- The primary file,
BitcoinPricePrediction.ipynb
, which serves as a tutorial for predicting the price of Bitcoin (2 days in the future) based on data pulled from the CoinGecko API. - A secondary file,
MakingPredictionsWithModel-Demo.ipynb
, which further breaks down Step 5 of the primary file (i.e. the code that is used to generate the DataFrame used as the "test data set" for making the actual prediction).
The task is to train a linear regression model to predict what the price of Bitcoin will in 1-2 days. The features used in the model are mostly historical prices of Bitcoin and other cryptocurrencies (e.g. BTC price from 2 days ago, ETH price from 2 days ago) as well as "community data" (e.g. social media-related statistics) that can be extracted from the CoinGecko API.

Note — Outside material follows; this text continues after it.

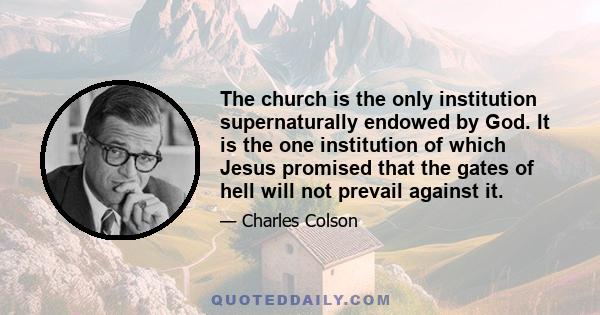 The church is the only institution supernaturally endowed by God. It is the one institution of which Jesus promised that the gates of hell will not prevail against it.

This notebook includes examples of various data analysis, modeling, and visualization techniques that can be used to solve the problem using Python. The purpose of this file is not to predict the most accurate price of Bitcoin in the future (cryptocurrency prices are inherently volatile / wildly unpredictable) nor to thoroughly teach financial time series analysis and statistics, but rather to be used as a guide for teaching students introductory data analysis and web-scraping tools in Python. These tools and strategies include:
- "Wrangling" data in pandas and applying features engineering to a data set.

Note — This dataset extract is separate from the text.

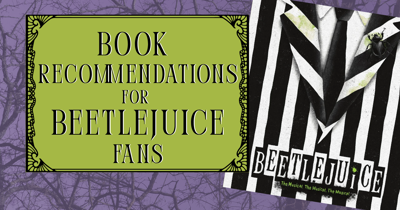Book Recommendations for Beetlejuice Fans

- Visualzing data in matplotlib and seaborn to inform optimal feature selection.
- Training 3 types of classification models (Linear Regression, Ridge Regression, Lasso Regression) on the data set and using them to make predictions.

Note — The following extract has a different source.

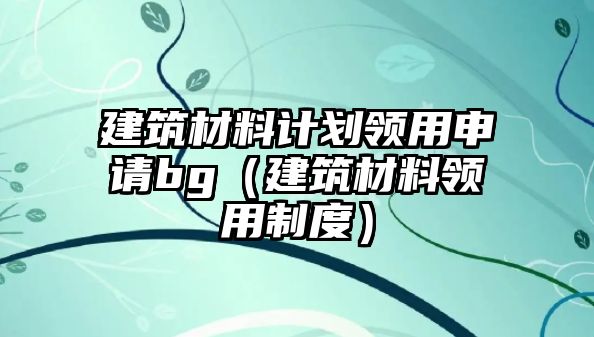 建筑材料计划领用申请bg（建筑材料领用制度）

- In the preceding lectures, the students will get a more in-depth, theoretical understanding of how regularization works, why it is used, and how it affects the resulting model's coefficients.
- Using requests in Python to learn how to extract your own data from the internet; in this case, a relatively simple API that outputs clean data in JSON format and does not require any authentication.
A more rigorous analysis of the financial time series data can be explored with the statsmodels library in Python. Models to be added in a future notebook:
- Exponential Smoothing
- Autoregressive-moving-average (ARMA).